Starbucks Scatters, Abandons Union Workers With More Store Closings
by Jordan Zakarin
Starbucks is closing 16 stores throughout the country, including two stores with unionized workforces and another awaiting election results. The company cited security concerns as the primary reason behind the closings, which were announced alongside details of CEO Howard Schultz’s “reinvention” of Starbucks.
The closings mark the latest in a string of shutdowns and shake-ups that have rocked Starbucks and its workforce since Schultz returned to the company in April. This round of changes will impact workers in Los Angeles, Portland, Philadelphia, Washington, DC, and Seattle. Both unionized stores are located in Seattle: Union Station and E. Olive Way.
Workers at the shuttered locations will be “given the opportunity to transfer to a neighboring store,” Reggie Borges, a spokesperson for Starbucks, told More Perfect Union.
While workers can request to be transferred to a particular store, their next workplace will ultimately be decided by management. Those previously employed at the shuttered union locations, both of which are in Seattle, face a more uncertain future. That includes several new employees that had just been hired at those unionized stores.
“We will engage in bargaining with the union with the hope that we reach an agreement that gives all partners the ability to have continuous employment with no changes in benefits or pay or their average hours worked,” Borges said. “If we get an agreement, partners will be able to transfer to agreed upon stores.”
In June, Starbucks closed a unionized store in Ithaca, NY and promised to negotiate with workers about their future. A month later, workers are still waiting for Alan I. Model, the anti-union lawyer working on behalf of Starbucks, to return from a two-week vacation to continue what have thus far been sporadic negotiations. In the meantime, workers continue to go unpaid, and have been struggling to keep up with bills.
“The fact that Starbucks’ allegedly only available lawyer can call a two-week hiatus to go on vacation while workers are left essentially jobless is, frankly, very disrespectful,” says Evan Sunshine, a leader at the shuttered Ithaca store. “This break, along with their repeated tardiness to our bargaining sessions, tells us that they view our time as less valuable than their own.”

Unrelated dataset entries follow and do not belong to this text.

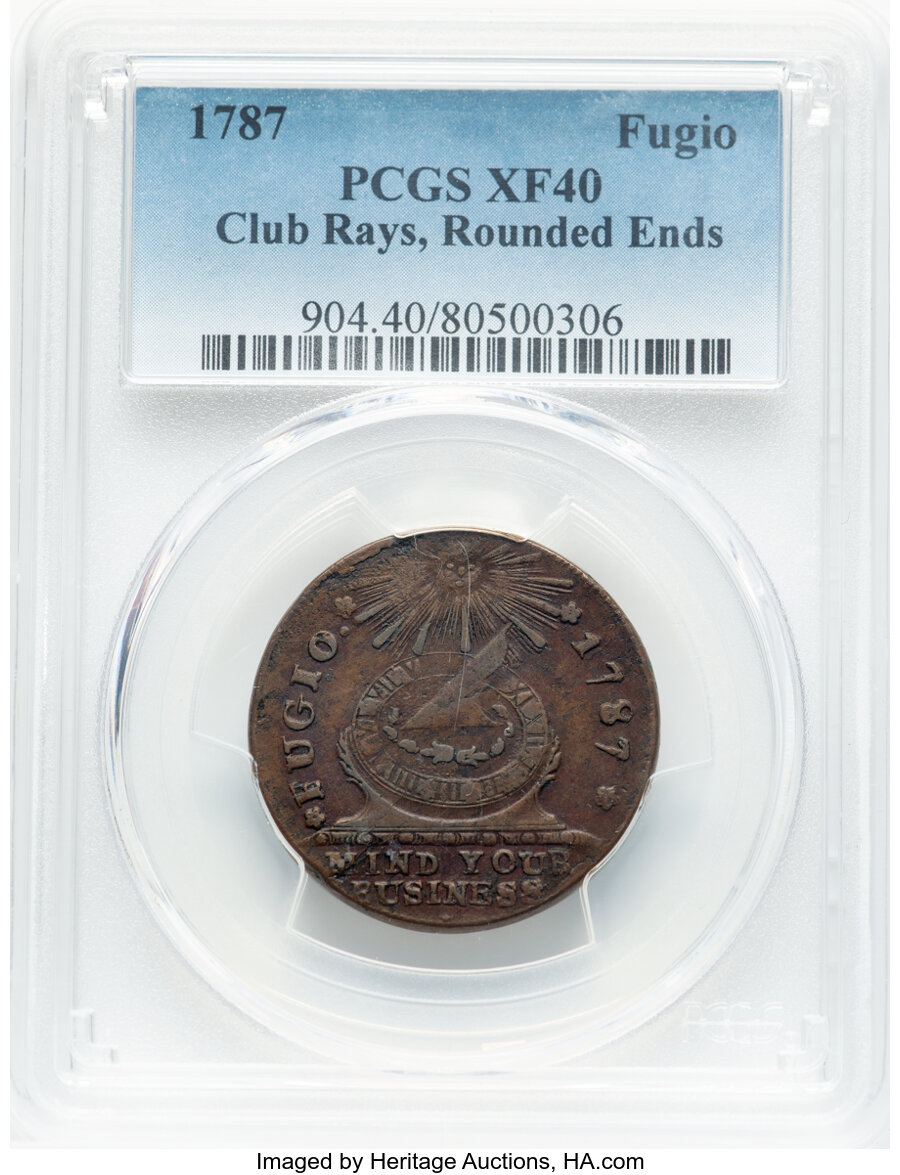 image for: 1787 Fugio Cent, Club Rays, Rounded Ends, N. 4-E, W-6685, R.3, XF40 PCGS. PCGS Population: (24/26)....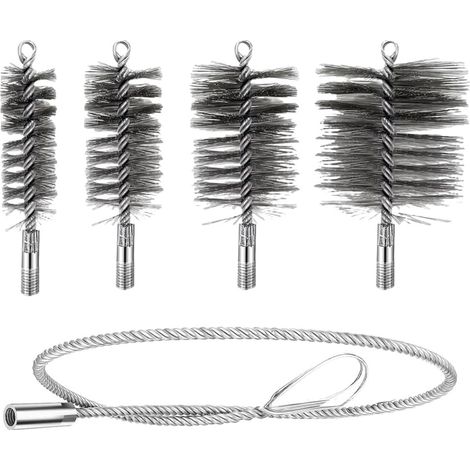 Kit ramonage 4 brosses 30/50/80/150 mm avec tige 1 m flexible (1/5)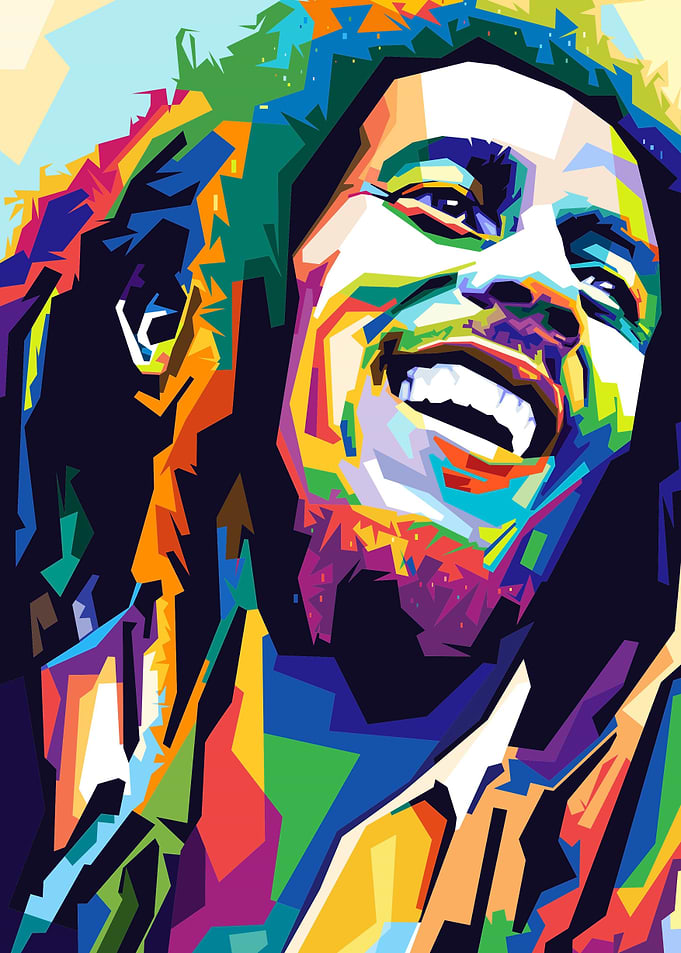 Bob Marley Colorful Art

Should workers from those unionized Seattle or Ithaca stores resume work at a non-union location before any deal is struck, they’d likely lose their rights to bargain and be effectively no longer recognized as union members.
In a video conference to break the news, regional manager Regional Manager Nica Tovey told workers that the closures were a last resort, according to employees that watched the stream.

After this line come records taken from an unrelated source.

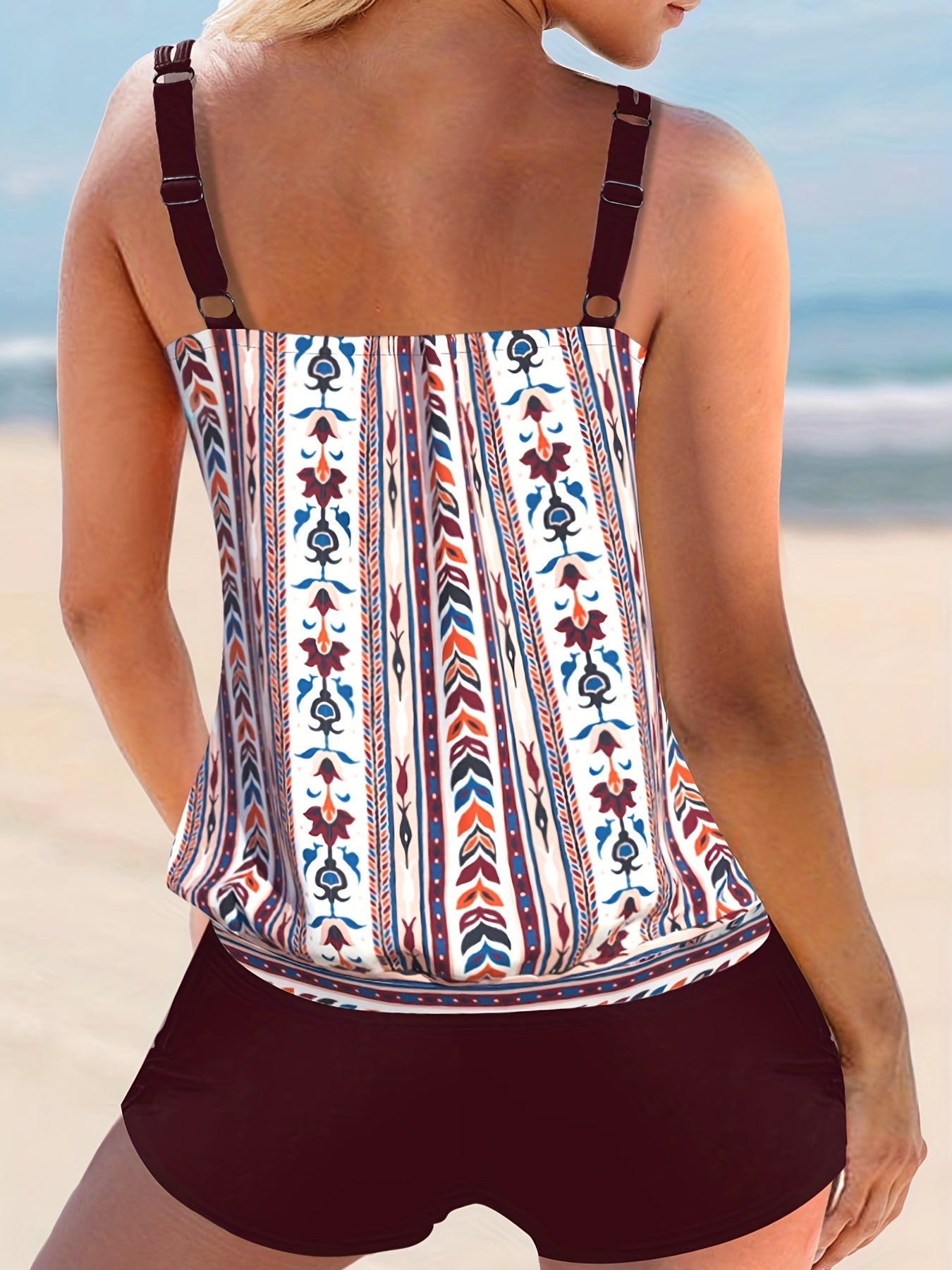  Striped Tankini Set Cami Top & Shorts Swimsuit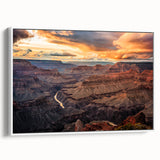 Vintage poster art of the Grand Canyon in colorful hues on a framed canvas, ideal for living room decor.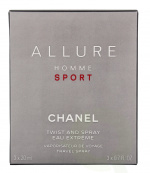 Chanel Allure Homme Sport Eau Extreme Giftset 60 ml Travel Spray Edp Spray 20ml/2x Refill Edp 20ml - Twist and Spray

“Regional Manager Nica Tovey told us in a virtual meeting that our store closed for safety reasons,” says Erin Bray, a worker at the Union Station store. “She also said this was basically a last resort because they had already tried everything to mitigate the problem with incidents such as more staff and guards — both lies.”
Workers at the two unionized stores suggest that their locations were far less dangerous than other, still-open stores where they previously worked. Numbers cited by the company were artificially inflated, Bray says.

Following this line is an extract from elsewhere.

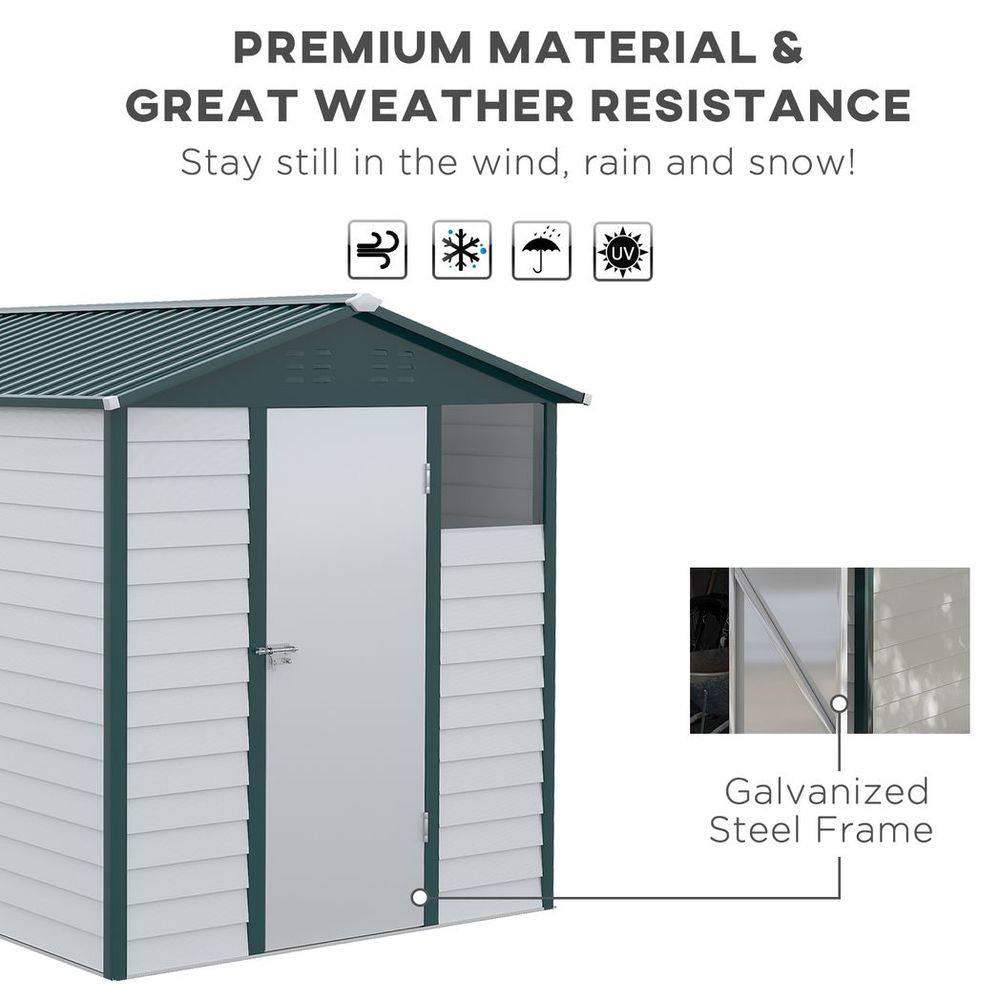 9'x6' Galvanized Metal Garden Shed Tool Storage Shed for Backyard Patio S0671148736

“Starbucks told us that in order to keep security [guards], we should be logging as many incidents as we can to justify it, so often small things get logged, such as someone taking too long in the bathroom or someone being asked to leave for swearing,” another worker told More Perfect Union. “Compare that to when I worked at First and Pike, when I would log two to four incidents a day that were larger, such as theft or drug use in the store.
“I know a lot of stores nearby have similar incident reports to us,” they added, “such as Broadway and Denny, that aren’t being closed.”
Just last month, Starbucks shut down three marquee stores in Seattle, including the First and Pike store, and reopened them as a “Heritage Market.” Workers at those stores were told they could re-interview for their old jobs at the re-opened stores, but after they held a protest, only one union supporter was offered employment at the new configuration. The rest were offered the opportunity to transfer to new stores; some wound up at stores that were just shuttered on Monday.
Members are now hanging in limbo, hoping to transfer to one of the four unionized stores in the district.
“It’s really up to whether there’s an open position, so it truly can be anywhere within the area,” another worker said. “Especially closing multiple stores at once, I’m sure a lot of people are just going to be sent to stores that need staff rather than make accommodations for everyone.”
Starbucks is currently a defendant in a case brought by the NLRB, which accused the company of more than 200 unfair labor violations. The trial began on Monday.